September 04, 2014
Published: Wednesday, September 3, 2014 at 4:37 p.m.
Last Modified: Wednesday, September 3, 2014 at 4:37 p.m.
One of two men released from prison Wednesday after serving 30 years for a child murder they didn't commit will live with his family in Bolivia.
Leon Brown, 46, and his brother Henry McCollum, 50, were exonerated by DNA three decades after being sentenced to die for the 1983 rape and murder of 11-year-old Sabrina Buie in Red Springs. Brown's sentence was later changed to life in prison, but McCollum was North Carolina's longest serving inmate on death row. Both brothers are intellectually disabled. When convicted, McCollum was 19, and Brown was 15.
On Tuesday, Robeson County Superior Court Judge Douglas Sasser dismissed the charges against Brown and McCollum following a hearing where an investigator with the N.C. Innocence Inquiry Commission detailed the results of new DNA testing of items found at the crime scene, said Brown's attorney James Payne, a Wilmington death-penalty certified lawyer who handles a number of high-profile cases in the Cape Fear region. Brown's other attorney was Ann Kirby of the Public Defender's Office in Pitt County. McCollum was represented by Ken Rose and Vernetta Alston, attorneys at the Center for Death Penalty Litigation in Durham.
The DNA testing presented to the court revealed none of the items matched McCollum or Brown, Payne said. Instead, DNA found on a cigarette butt from the crimes scene matches, Roscoe Artis, 74, a convicted rapist and murderer who lived less than 100 yards from where Buie's body was found, according to Sasser.
Artis is currently serving a life sentence for a similar rape and murder that occurred less than a month after Buie's death.
"The DNA results not only contradict the state's previous theory that Mr. McCollum and Mr.

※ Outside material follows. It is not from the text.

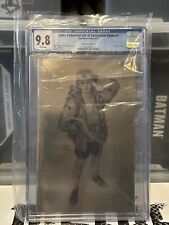The Oddly Pedestrian Life Christopher Chaos 1 CGC 9.8 Lee Gold Foil Tiny Onion picture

Brown raped and murdered Sabrina Buie ... they, along with other circumstantial evidence, show a strong likelihood that the serial rapist and murderer Mr. Artis, alone, raped and murdered Ms. Buie," Sasser wrote in the order vacating the sentences.
While McCollum will live in Bolivia with his parents, Brown will live at an undisclosed location in North Carolina with a sister who moved here from New Jersey, Payne said.
"What happened to Mr. Brown 30 years ago is an egregious miscarriage of justice," Payne said. "The evidence was significant in breadth and scope and could have very likely resulted in an innocent verdict if it had been introduced in the original trial."
Payne said the only evidence presented at the original trial of McCollum and Brown's guilt was a confession from McCollum after five hours of interrogation, followed by a confession from Brown hours later. Payne described the men, even as adults, as having the "intellectual ability of children."
Now, Brown, who on his own in 2009 filed the request for a review of his case with the Innocence Commission that ultimately set him free, will begin the business of living, Payne said.
"He's a free man. He's out of prison as of about 12:30," Payne said Wednesday.